Depth. This coin has two sides, but the positive one is that the Giants have a harem of receivers who are all similar in talent level, even if thier specific strengths vary some. They could weather some injuries at receiver without a precipitous drop-off.


Concerns


Receivers. Here is the other side of the coin on the receivers. It's unlikely any of them are great. Don't get me wrong, most of them aren't bad and have one or more skills that are valuable in the NFL. Parris Campbell is in the image above for a reason. He kind of sums up where the Giants are at in regard to receivers--good but not great---across the board.


Uncertainty. How does Darren Waller come back from injury? Can he be dominant or will he be just another face on a bland roster of Giants receivers? Will Barkley hold out?


TE and RB Depth. Cody Bellinger and Matt Breida are fine, but they're not above-average NFL players. If Waller or Barkley are hurt or underperform they don't have a great second option.


Final Analysis

The Giants' skill position group is fine. If one or more receivers can have a breakout season and Waller is great they may even be good. They're not vastly outclassed in this area by the other teams in the division, but they come in 4th.



#3: WASHINGTON COMMANDERS


Jahan Dotson giving shush finger in end zone

Just edging out the NY Football Giants are the Washington Commanders. Will Sam Howell be effective in getting anyone the ball? Will the offensive line be able to protect or run block? That's not the point of this article!! We're just talking about skill position groups.


Positives


Wide Receivers. This is a group that has tremendous upside. Terry McLaurin is a legitimate #1 NFL receiver. He's languished in Washington under mediocre QB play (or worse) that's been exacerbated at times by the offensive line's weaknesses. Despite this, he's gone over 1000 yards in three straight seasons and came close with 919 in his rookie campaign. The Commanders have a dynamic #2 receiver in Jahan Dotson. His season was shortened by injury to 12 games, but he flashed when healthy. He has game-breaking potential when he touches the ball. This group is rounded out with veteran Curtis Samuel and second-year player Dyami Brown. The team hoped Dyami could provide a legitimate deep threat, and if a QB has time to get him the ball he has that potential.

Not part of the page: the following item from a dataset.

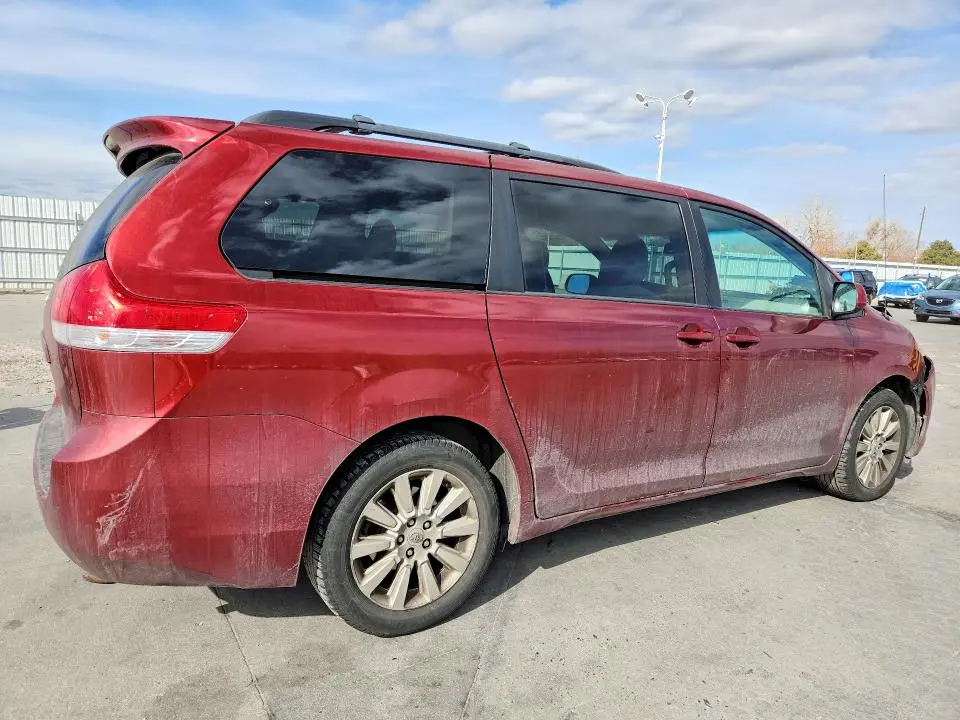 2011 TOYOTA SIENNA LE  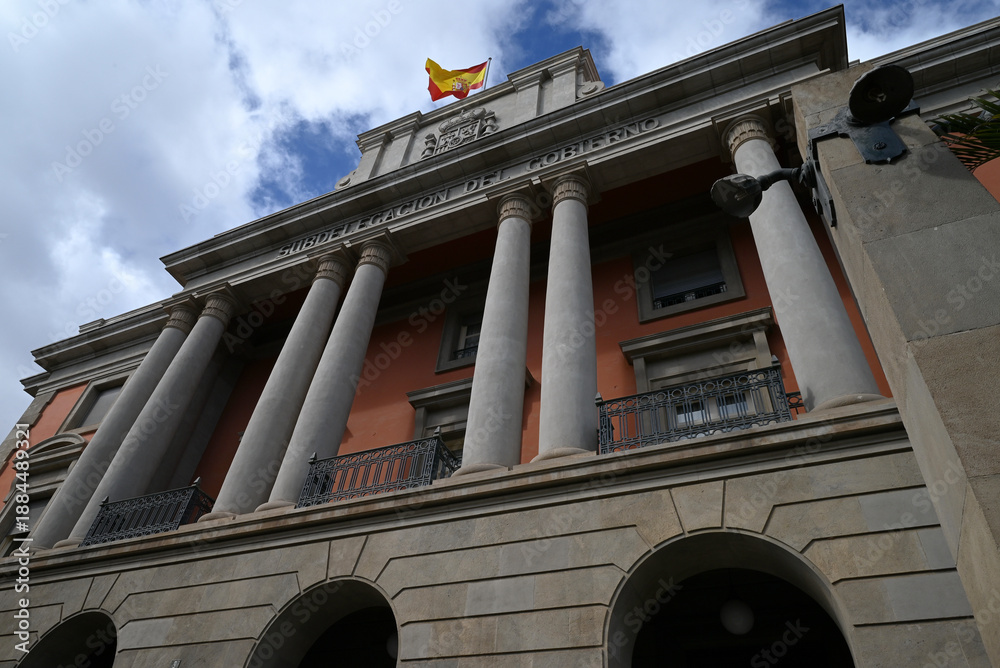 Fototapeta premium Santa Cruz de Tenerife, Espagne, 14 janvier 2026 : Vue en contre-plongée de la façade de la sous-délégation gouvernementale à Santa Cruz de Ténérife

Brian Robinson. Whether or not Brian Robinson can be a top-tier NFL running back is TBD. However, he did show a lot of promise after coming back from being shot twice. He had to run behind a line that often gave him very little space. If he takes a step forward he'll provide a consistent and solid running option.


Concerns


Tight End. Logan Thomas has some good games, but he's an average tight end at best. And that might be generous.


Depth. The Commanders don't really have anything behind Logan Thomas at tight end. If McLaurin or Dotson go down their receiving core is okay at best. Depth is a problem for most NFL teams, but some more than others.


Final Analysis

This is a solid-skill position group, but that is mostly due to the receivers. They outclass the Giants there while being outclassed at TE and RB. In the end, these groups come in very close overall, but the upside in the receiving groups pushes the Commanders to #3.



#2: Philadelphia Eagles


AJ Brown catching football over defender near end zone

The Eagles come into the season as the class of the NFC. While their strength in the trenches is probably the primary reason for their strength, the skill position group brings a lot to the table too.


Positives


A.J. Brown. He is the class of the division at receiver. Yes, McLaurin and Lamb are great, but if I have to pick on receiver from this division it's Brown. He is big, powerful, and just seems to come down with the ball no matter how closely he's covered. He has the ability to take over a game. The importance of these dominant players can't be overstated.


DeVonta Smith. Even with Brown demanding attention, Smith went for almost 1200 yards and 7 TDs last year. Smith comes into year 3 of his NFL career as a great receiver in his own right. If he continues to develop this is one of the best 1-2 receiver combos in the league.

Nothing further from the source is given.